While my family was gone I went through my library list and looked at every book on every shelf (except the kid's books in their rooms...those are still to be done). I am the only person I know who keeps an inventory of my books. Lists make me happy and lists of books bring that happiness to a peak. I did the list 11 years ago, before we moved to Sweden, because the moving company insisted on a written inventory of EVERY SINGLE ITEM we owned for insurance purposes.

We had more than 2000 books then. We have more now. I say we, but I mean I. I have more now. Every time I buy a book I add it to the list. Okay, I confess, it's actually an Excel spreadsheet. I read so much and so fast that I can no longer remember every book I have or have read and must keep track so that I'm not constantly buying duplicates.
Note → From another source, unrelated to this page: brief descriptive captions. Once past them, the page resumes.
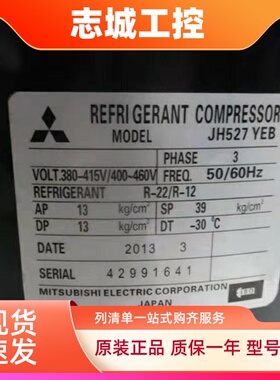 原装中央空调压缩机10匹 JH527YAB  JH527YEB 适用三菱  JH522YEB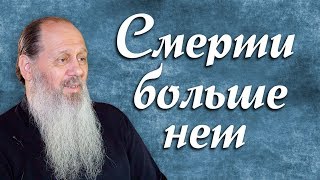 Смерти больше нет (о. Владимир Головин)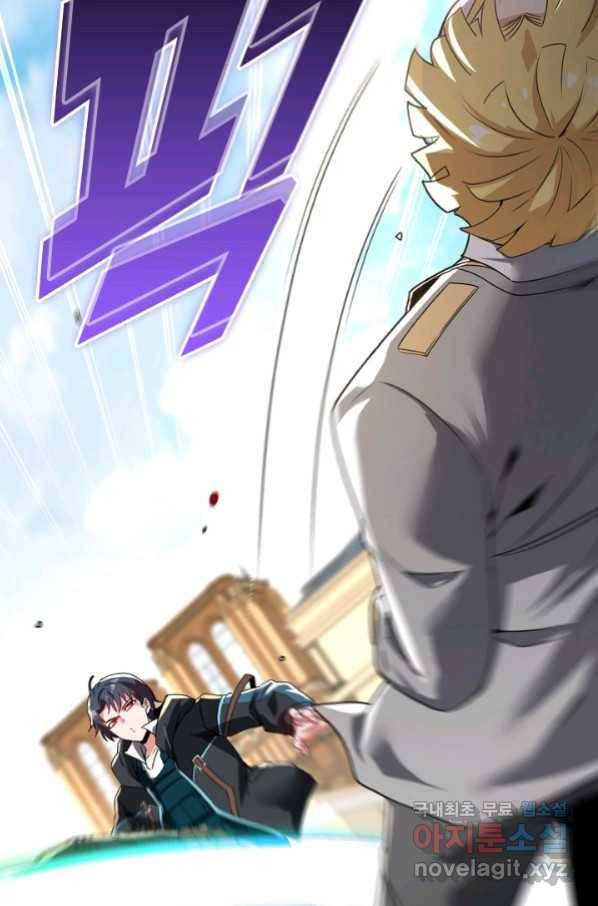 신급으로 레벨업! 15화 81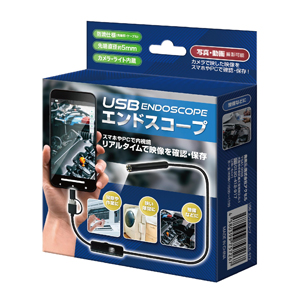 アクセル アクセル AXL-573 USBエンドスコープ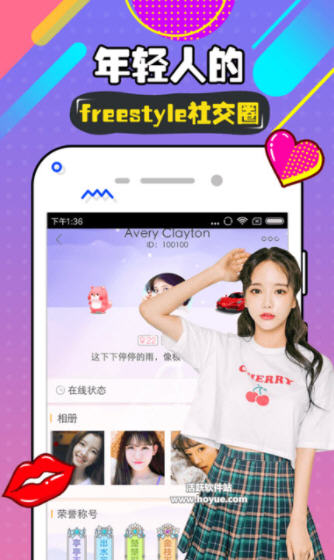 舒心視頻截圖(1)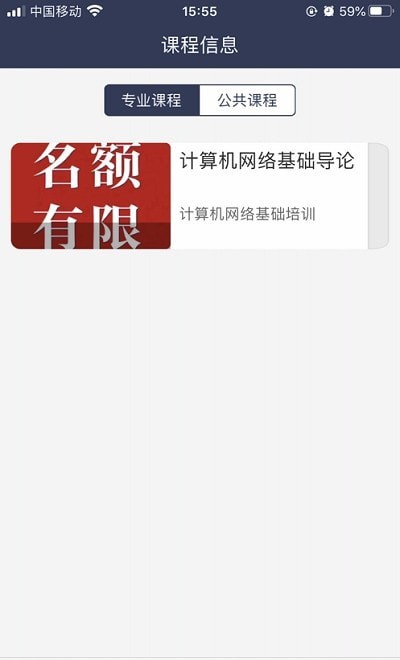学考通app
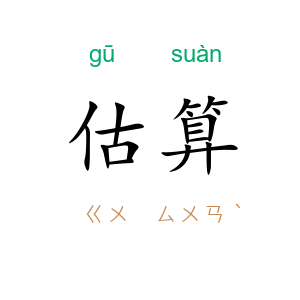 估算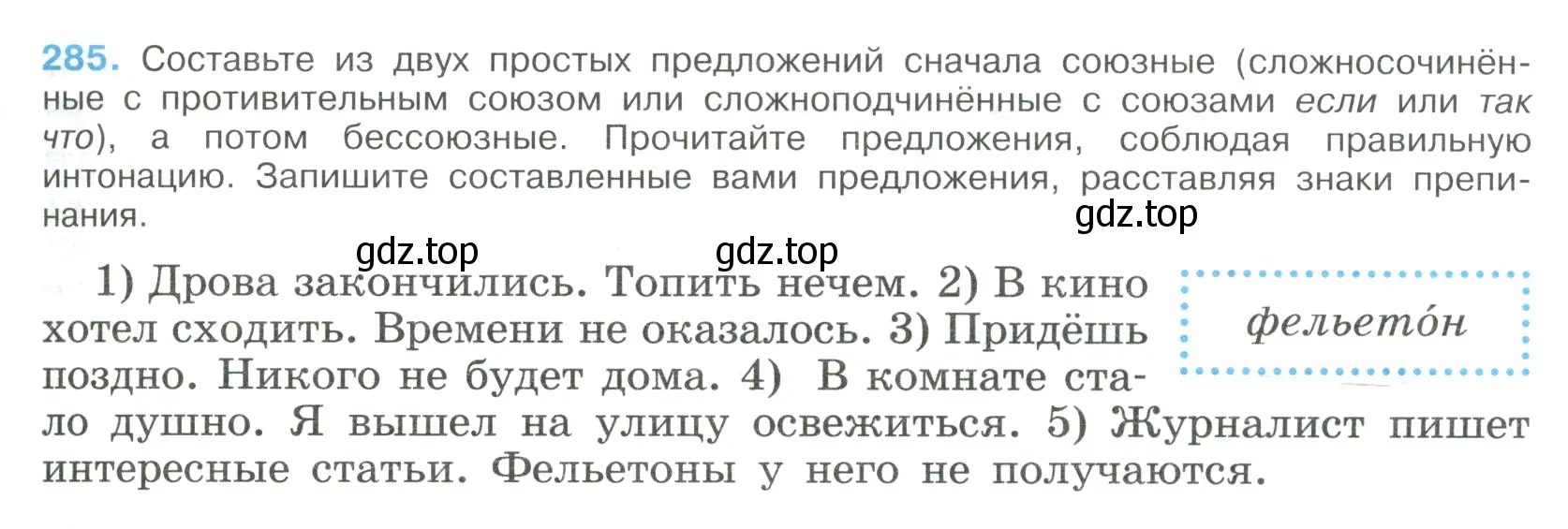 Условие номер 285 (страница 145) гдз по русскому языку 9 класс Бархударов, Крючков, учебник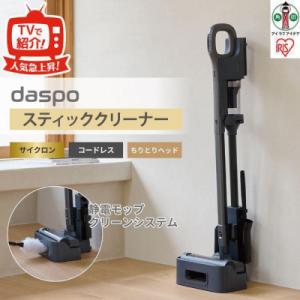 ふるさと納税 角田市 掃除機 コードレス サイクロン daspo SCD-190P-H グレー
I can remember my first bookshelf. It was a little brown cabinet that my mom gave me. I think it held records before I inherited it. It was short and squat and dark brown with 2 doors and 2 really deep shelves. I filled it with books and I knew every one. A Wrinkle in Time, Turi's Poppa, Mandy, The Last of the Really Great Whangdoodles, The Little Broomstick, Lad: A Dog, Little Women, Heidi, James and the Giant Peach, Nancy Drew, all those lovely-smelling hardcovers with birthday and christmas notes written in the flyleafs, in my parents' handwriting, or my grandparents'.
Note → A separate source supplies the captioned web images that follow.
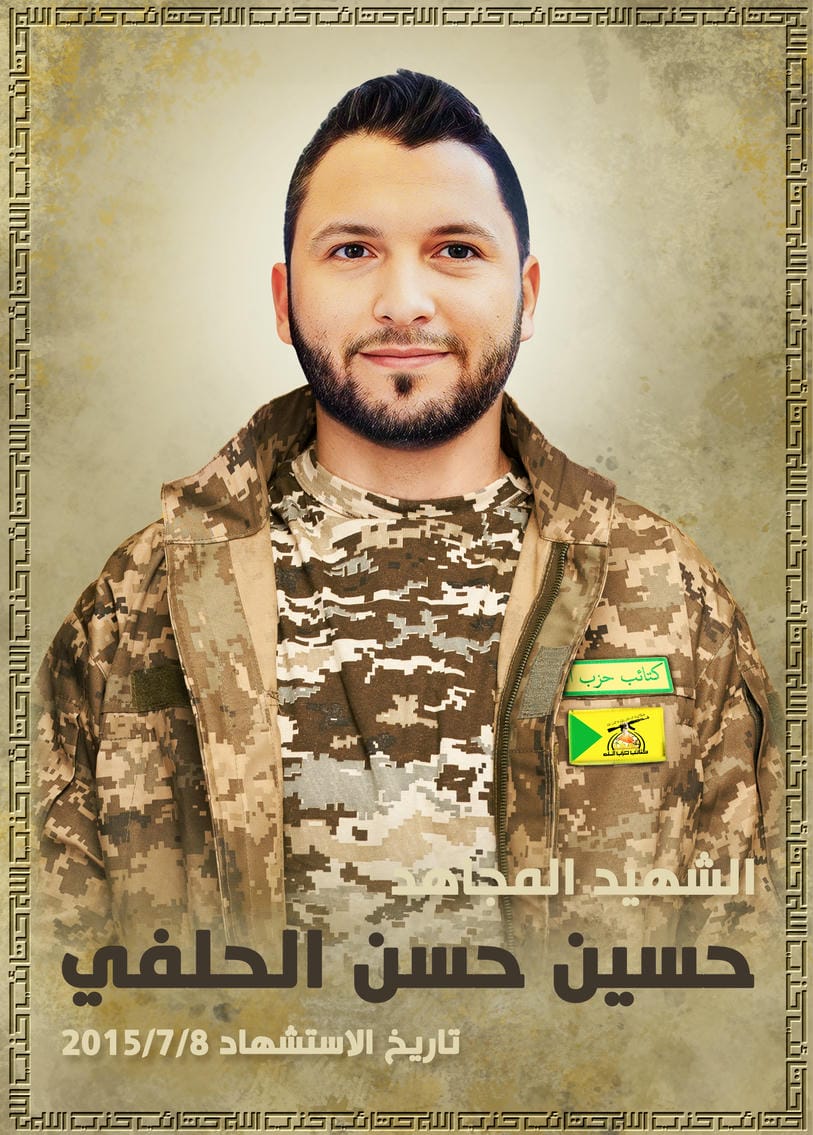 حسين حسن خلف زبون الحلفي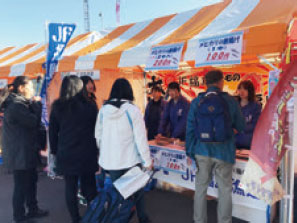 イベントの様子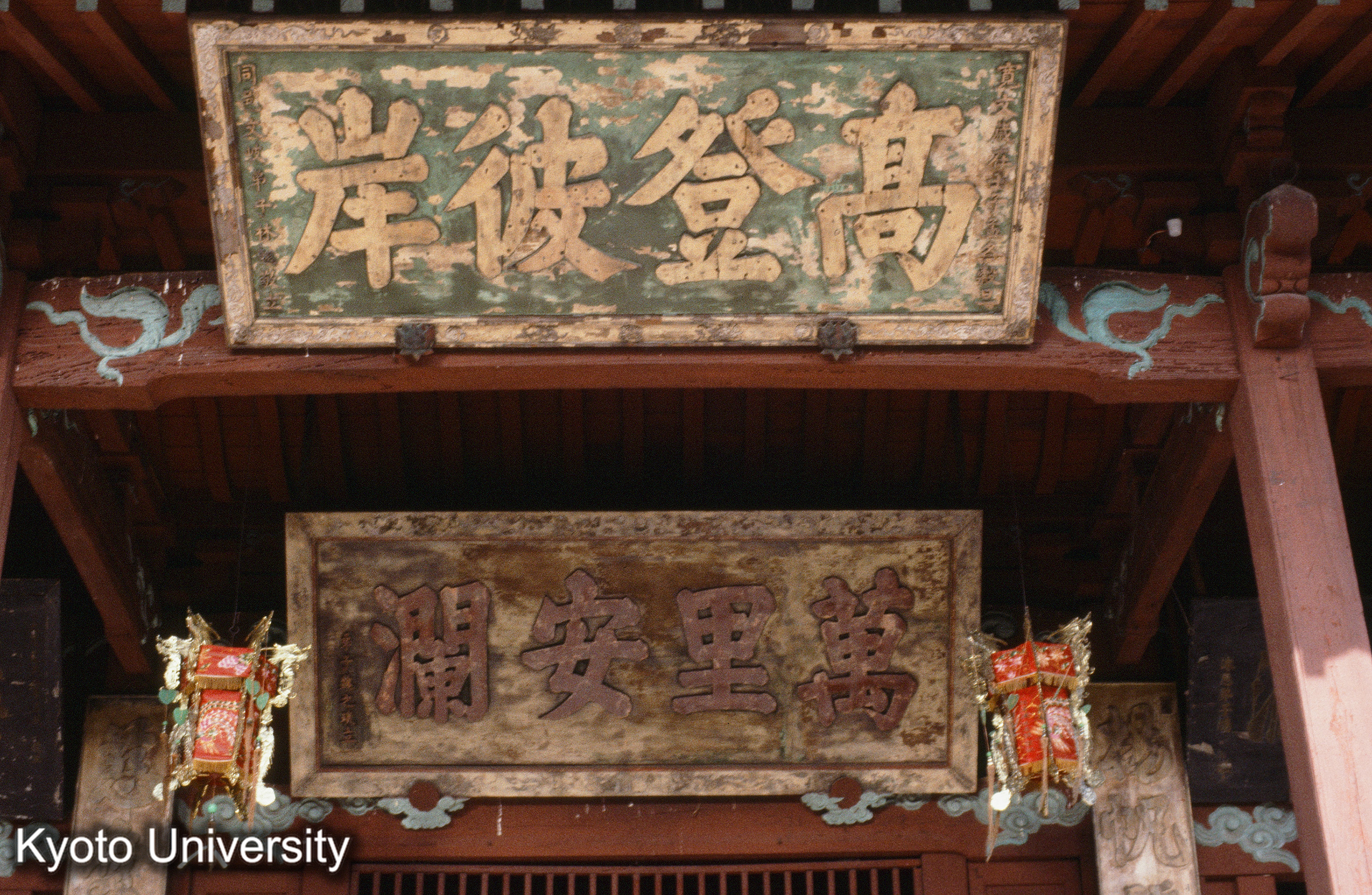 ［スライド］ (1)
Later, when I was old enough to be spending my own allowance, I invariably spent it on books and I began adding paperbacks. I read them over and over and over. Some books I own have been read so many times that the titles on the spines are all but unreadable from being cracked in every possible place.

I don't keep every book I read, of course. If I did, the house would have been reduced to small pathways between towering piles of paperbacks long ago; the kids trapped in their rooms, the only available seating a reading chair with good light. Each time I finish a book now, it is kept or discarded on the basic criteria of the answer to the question: did I like it enough to read it again? If the answer is no, it goes in the bag for the annual AWC media sale. If the answer is yes, I must make space on the already over-crowded shelves, which have now begun to be two rows deep in places, despite my real strictness with myself and my periodic sweeps of purging.

I don't get panicky about many things but the idea that I might not get around to reading all the books I want to read makes my chest tighten. All the books on my list, all the books I haven't discovered yet, all the books my favorite authors have yet to write. And all the ones I loved and want to immerse myself in and visit with again.